1. 20

  2. 13

    Disclaimer: I interact with people who work on k8s/GKE at work but I’m not on a core k8s team.

    I work on an Anthos project at Google, and the majority of my project is poking around at k8s.

    K8s is a big thing. I don’t actually think there’s anyone in the world that knows everything about how it all works. It’s easier to think about k8s as some sort of cloud operating system upon which things that are useful to the end customer are layered.

    To decide if you need k8s and how much of it, I frame it as “you need it when you know you do”. I’ll use GCP as an example.

    • Do you know you need to do anything other than a web site? If you don’t, you probably want App Engine.
    • Do you know you need to do anything more complicated than individual containers? If you don’t, you probably want Cloud Run.
    • Do you know you need to do anything more than have those containers running? If you don’t, get a managed k8s cluster and just write a k8s deployment.
    • …and now you’re down to knowing if you need Istio, secret management etc. etc.

    You eat the k8s elephant one bite at a time. K8s is surprisingly good at letting you get something going with very little interaction, and then there is a pretty steady learning curve to getting more and more out of it.

    The cargo cult-y aspect of k8s which this article is railing against is the same sort of thing we saw when Docker caught fire. “Containerize everything!” “Why, boss?” “Because the magazine I read at the airport says so so do it!”. If you don’t know if you need some feature of k8s, you almost certainly don’t and there is a simpler solution. If you are feeling a pain point strongly and k8s says it will fix it, it probably will.

    The cost is that k8s is this operating system, and operating systems are complicated bits of software. We rely on others to provide us with window managers and GUIs to help us visualize our Linux processes, just like we rely on things like Istio and Grafana for k8s. You wouldn’t just go and download the Linux kernel and slap it on a machine and go, and you can’t do the same for k8s. Unless you have very strong reasons to do so, you should use a managed k8s solution that can get the right defaults and give you some useful tooling out of the box. If you can’t use a managed solution, you should pay some sort of consultant to do it for you, it’s not something you can just learn by reading docs. It requires experience. There is a reason Google Cloud sells this very product. GCP doesn’t sell things that it doesn’t think people will buy :)
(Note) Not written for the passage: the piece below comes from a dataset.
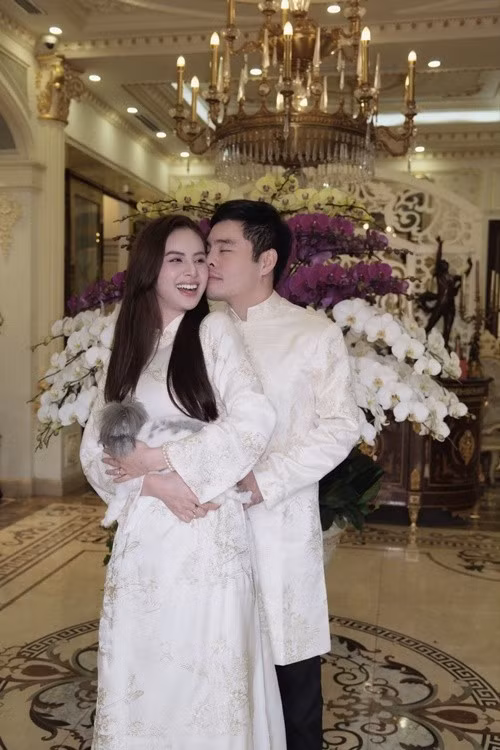 Dịp Tết vừa qua, vợ chồng Hương Liên đăng tải những hình ảnh tình tứ. Trong cuộc trò chuyện với bạn bè trên mạng xã hội, người đẹp cho biết cô phải tìm mọi cách để chồng tạo dáng như người mẫu.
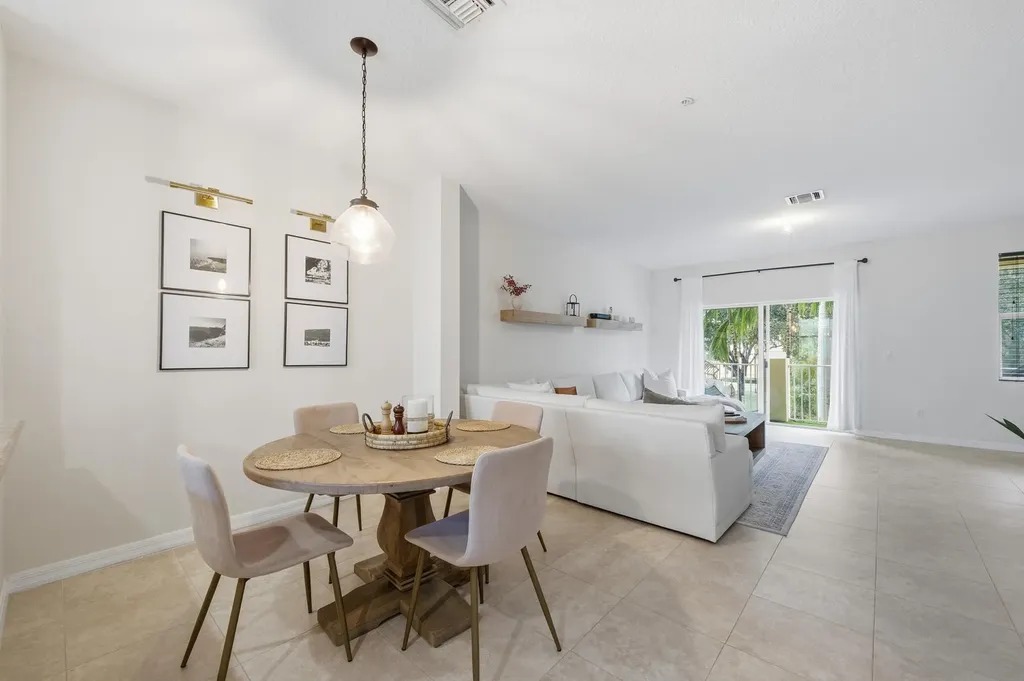 1923 Via Granada Boynton Beach FL 33426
    To the article itself: I feel like the author is trying to prove something to themselves than to others. “Here’s why we were right to not use k8s”. And perhaps this is so. But I think it starts from a place of seeing the k8s elephant and going “Wow that’s one big elephant forget it” (which is pretty reasonable TBH) but not really going through the “you know when you do” game of incremental complexity gains.

    The only thing that I think is truly bad about k8s is actually setting it up in a correct way. Kubernetes The Hard Way still gives me nightmares. But the author specifically discounted using a managed solution, so perhaps given that constraint what they did I would have done too.

    1. 2

      I don’t actually think there’s anyone in the world that knows everything about how it all works.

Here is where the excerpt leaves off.